The #1 Reason For Embracing Particular Redemption
Pastor John, I understand that you did not always hold to Reformed theology and to the doctrine of Particular Redemption (or 'Limited Atonement' as it is called in the acrostic TULIP). May I ask you, what was the number 1 reason you came to embrace it?
Thanks for your question. You are right in the fact that I have not always embraced the doctrines of grace. Concerning the specific matter of the atonement of Christ, in coming to see the clarity of the Scriptures on this issue, by far the most compelling argument in determining my change of view was this fact: The Arminian understanding of the atonement (which was my former view) undermines the mission, purpose and unity of the Godhead. That is strong language to be sure, so please allow me to explain:
In Arminian theology three different groups of people are in view:
1. The Father elects those whom He foresaw as believing in Christ (that's one group).
2. The Son dies for everyone in what we would call a universal atonement (that's a second group).
3. The Holy Spirit then seeks to woo/draw those who hear the Gospel (yet a third group). We should note that there are many who will never hear the Gospel of Christ.
Quite clearly, these are three entirely different groups of people.
Jesus made it very clear that His mission was to do the will of the Father. In John 6 we have His words recorded:
37 All that the Father gives me will come to me, and whoever comes to me I will never cast out. 38 For I have come down from heaven, not to do my own will but the will of him who sent me. 39 And this is the will of him who sent me, that I should lose nothing of all that he has given me, but raise it up on the last day.
Jesus and the Father were never at odds for even a moment. Christ came to do the Father's will which involved losing none of the ones given to Him by the Father and raising that entire group up to eternal life. Jesus confirmed this unity of purpose in John 10:30 when He said, "I and the Father are one." Here we see the Father and the Son in perfect accord, united in will, purpose and mission. What is true of the Father and the Son is also true of the Holy Spirit. The entire Trinity, Father, Son and Holy Spirit are united in purpose and have been from eternity.

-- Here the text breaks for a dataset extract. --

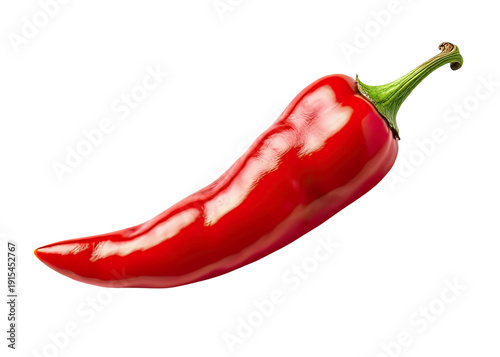 A single red hot pepper on a white background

In contrast with the fragmented view of Trinitarian redemption found in Arminian theology, I found the consistency of the Scripture revealed in the Reformed view of the cross. As C. H. Spurgeon once said, "Reformed theology is simply a nickname for biblical Christianity."
Here was the clincher for me. Only in the Reformed view is the unity of the Godhead maintained.
The Father planned redemption for those He chose to save; the Son accomplished redemption for them, and the Holy Spirit applies redemption to them in what we call irresistible grace. All three persons of the Trinity work in harmony to bring about the salvation of the elect.
So to answer your question, the number 1 argument that convinced me that "Particular Redemption" is the biblical doctrine of the atonement was this; the unity of the Godhead in the work of redemption.